Moscou est la ville des gens qui dansent. Les habitants de la métropole russe dansent activement et ne lésinent pas sur les moyens, le temps ou les efforts. Tout le monde danse: les journalistes, les informaticiens, les commerçants, les femmes au foyer, les étudiants et les retraités. On danse le hip-hop, le swing, la rumba, la valse, le tango, la samba… Les danses, tout comme les gens, ne se ressemblent pas, mais elles sont unies par le mouvement, qui est indéniablement la vie elle-même.

La dance des troquets, des bordels et des salons mondains

Certains préfèrent danser en solo, d'autres le font en couple. Ceux qui aiment danser à deux sont majoritaires: c'est probablement dû au fait que la société moderne est celle des personnes seules.

Chaque année, à Moscou, les écoles et les studios de tous les styles de danse sont de plus en plus nombreux. Il est impossible de les présenter tous, et nous n'en citerons que quelques-uns, les plus populaires.

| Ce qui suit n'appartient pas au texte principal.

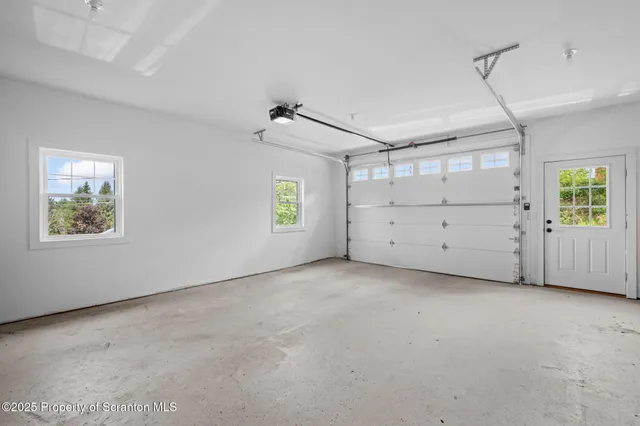 a view of a room with window and windows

A une époque, c'était la danse des habitués des troquets du port, des habitants des taudis et des bordels des banlieues de Buenos-Aires. On l'appelle le tango "argentin", or pour les Uruguayens c'est leur danse nationale. D'ailleurs, la Cumparsita, le tango le plus célèbre, a été composé par l'Uruguayen Gerardo Hernan Matos Rodríguez.

Néanmoins, les quartiers portuaires de la capitale argentine, peuplés d'immigrés, sont le point de départ du tango qui a séduit Paris au début du XXe siècle. La manie du tango que l'Europe a connue au début du siècle dernier, s'est rapidement étendue à Saint-Pétersbourg. Toutefois, la danse était officiellement interdite en Russie avant la chute de la monarchie en 1917.

En 1914, le ministre russe de l'Education populaire, Lev Kasso, a signé la fameuse circulaire bannissant des écoles russes non seulement la danse mais le mot lui-même de tango Mais est-il possible d'interdire une danse par simple lettre circulaire?

Le tango s'est montré extrêmement vivace et sa popularité n'a pas diminué même pendant les années turbulentes de la révolution russe lorsqu'il était qualifié de "danse bourgeoise."

Et en 1937, le disque est apparu en Union soviétique avec le tango Soleil trompeur qui allait devenir la danse favorite de plusieurs générations de Russes. Beaucoup d'entre eux restent toujours persuadés que c'est un tango purement russe, alors qu'en réalité la musique est due au compositeur polonais Jerzy Petersburski.

Le tango n'a jamais été rangé parmi les danses "retro", des millions de personnes dans le monde le dansent toujours volontiers.

Il y a 12 ans, Alexandre Vistgof a décidé de présenter aux Moscovites le tango de manière inédite.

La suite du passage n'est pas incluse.